##### THE DATA

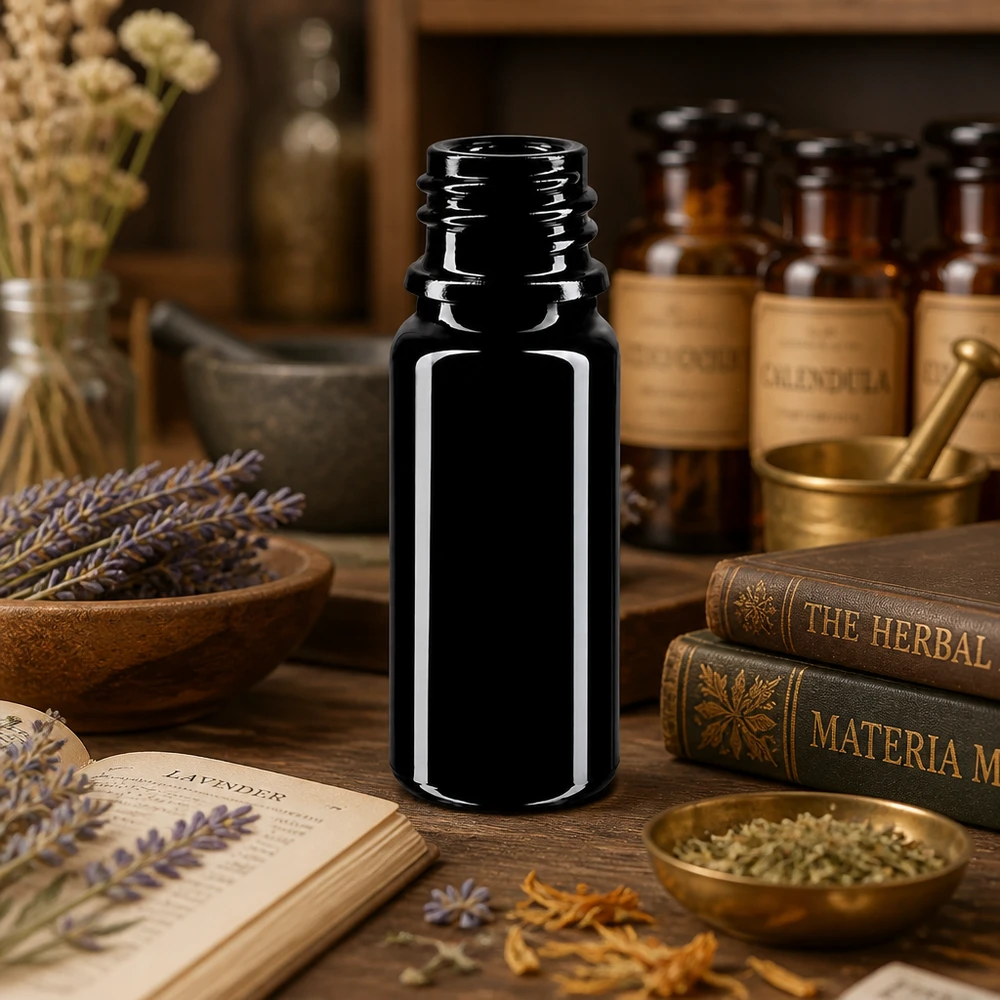 Hochglänzende Violettglas Flasche 10ml DIN 18 bewahrt Potenz von Bachblüten und Globuli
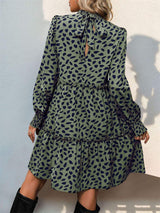 Frill Printed Mock Neck Long Sleeve Mini Dress - Trendsi - Flyclothing LLC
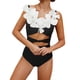 thumbnail image 1 of Gibobby Trajes de baño mujer una pieza Traje de baño de mujer Frente sobre trajes de baño Trajes de baño huecos Monokinis(Negro,CH), 1 of 5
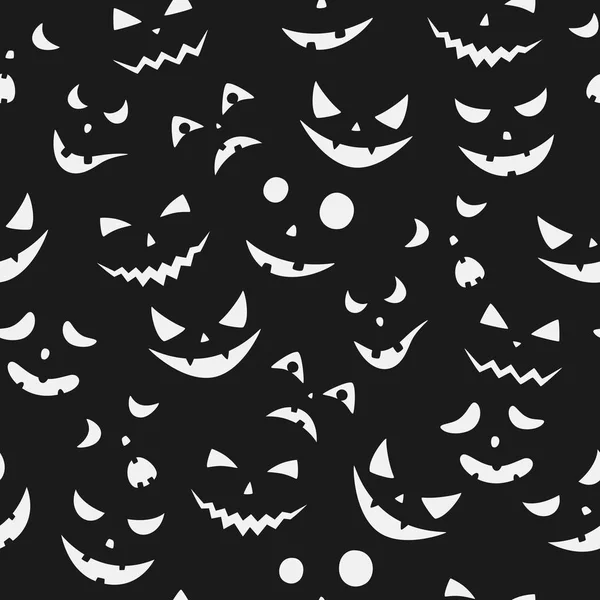 Conjunto Rostos Assustadores Abóboras Halloween — Vetor de Stock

##########

The expected output is the full material above, word for word, without pictures.

EXPECTED ANSWER:
 Hochglänzende Violettglas Flasche 10ml DIN 18 bewahrt Potenz von Bachblüten und Globuli
 Frill Printed Mock Neck Long Sleeve Mini Dress - Trendsi - Flyclothing LLC
 thumbnail image 1 of Gibobby Trajes de baño mujer una pieza Traje de baño de mujer Frente sobre trajes de baño Trajes de baño huecos Monokinis(Negro,CH), 1 of 5
 Conjunto Rostos Assustadores Abóboras Halloween — Vetor de Stock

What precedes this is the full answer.